MBR and boot viruses can survive formats, if the format doesn't wipe or rebuild the MBR or boot record. A utility like Delpart, or FDISK /MBR, followed by a format should eliminate any boot virus, provided it isn't resident in memory at the time of the format.

239.255.255.250 port 1900 is the Simple Service Discovery Protocol (SSDP) using multicast to locate a gateway. Perfectly normal, nothing to worry about.

said by kpatz:

---

said by Nanaki:

---

memory is not infectable nor is cpu. Only hard ware with a bios. Some hds and cd/dvd roms all mother boards alot of video cards and older programable keyboards. I forgot about printers. Ive not yet seen a router be infected but if some one does make one that does then were are truely screwed. Isp router gets infected viri goes out with arp trafic and infects any pc not blocking arp. far fetched sure but possible.

---

Memory is only infectable while the PC is on. For the virus to persist across a power-cycle it has to reside somewhere non-volatile, either on a disk, or in flash memory somewhere.

The other criteria for a virus to survive is that it has to be executed somehow. The doomsday "ARP traffic virus" or "printer virus" scenario would require the ability for ARP traffic (or the printer) to carry executable code that is then executed by the targeted system. Normally this won't happen, unless there is a vulnerability (buffer overflow perhaps) in the target system that allows this to happen. Even if I reflashed the firmware on my DVD-ROM (for example) with a virus, unless something reads that firmware back into the PC and executes it, the virus won't spread beyond the DVD-ROM drive.

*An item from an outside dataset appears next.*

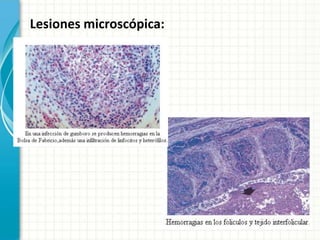 Lesiones microscópica:
 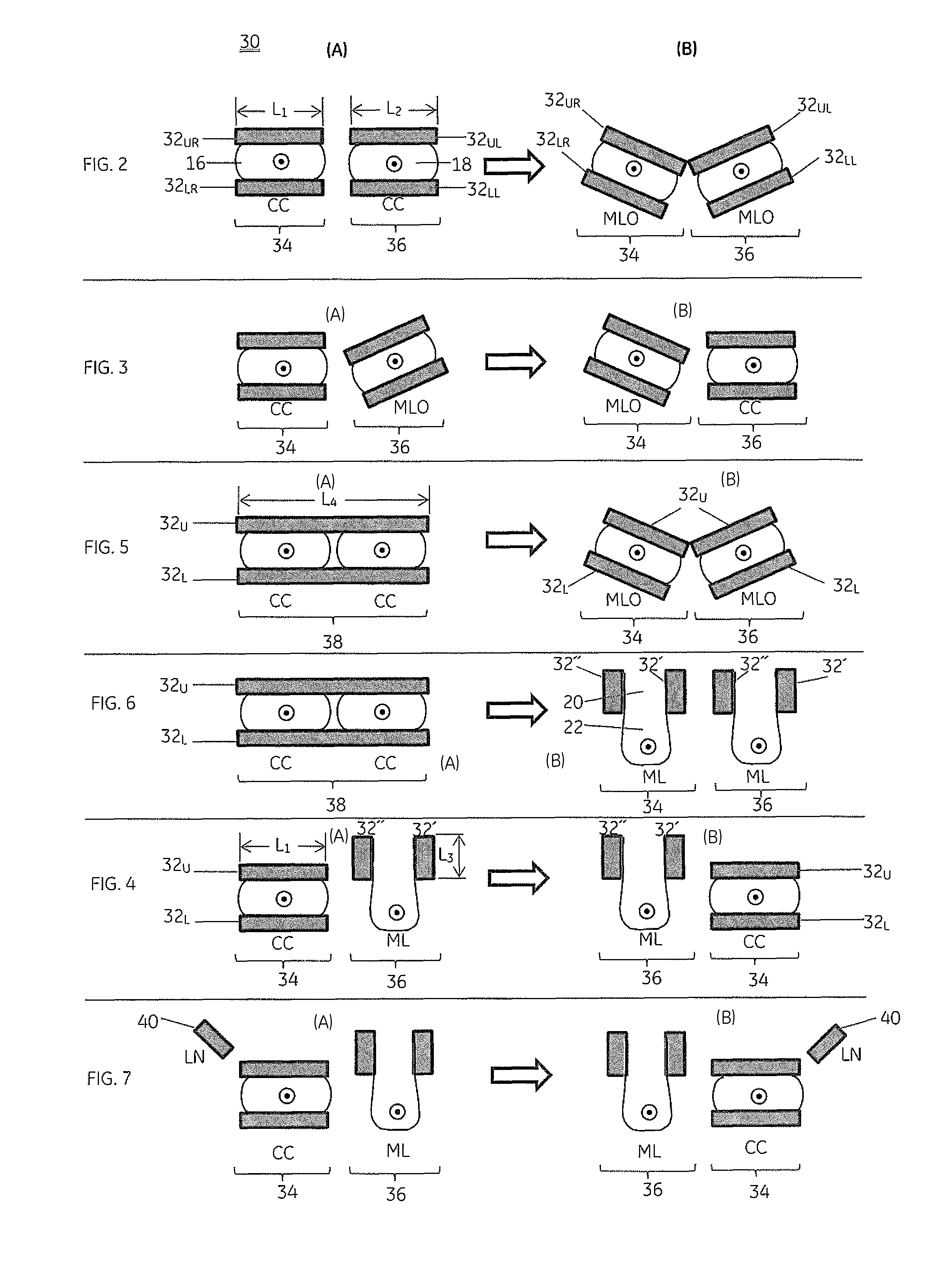 Apparatus and method for reducing examination time in molecular breast imaging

Also, if malware code hides in the last (or any) sectors of the HDD, something still has to read that code into memory, and then execute it. To do so would require either a BIOS reflash or a modification of the MBR, boot record or other executable code within the OS.

MBR and boot viruses can survive formats, if the format doesn't wipe or rebuild the MBR or boot record. A utility like Delpart, or FDISK /MBR, followed by a format should eliminate any boot virus, provided it isn't resident in memory at the time of the format.

---

Well i can asure you its very possible at least with old style keyboards with programable fution keys. What your asumeing is the virus wants to execute on keypress or access all it wants to do is get some where it can be executed. I wish i still had that keyboard id get at the virus on it some how and figure out what makes it work. But my idiot brother decided he could get a quick buck out of it stole it and sold it to some one. Even though i had a big red do not touch this keyboard it is infected with a virus wrote across the top. Any how im not sure where it coppied it self to ut once you hit a f13 - f24 funtion key you was done next reboot or relog in to windows you was reinfected. My guess is it over wrote some on boot only exe something it could over write on win 95/98 that would start up temp dureing boot up at which time the virus spread and wiped out system files till it could no longer do so. By that time the computer was rendered unbootable and windows would die mid boot.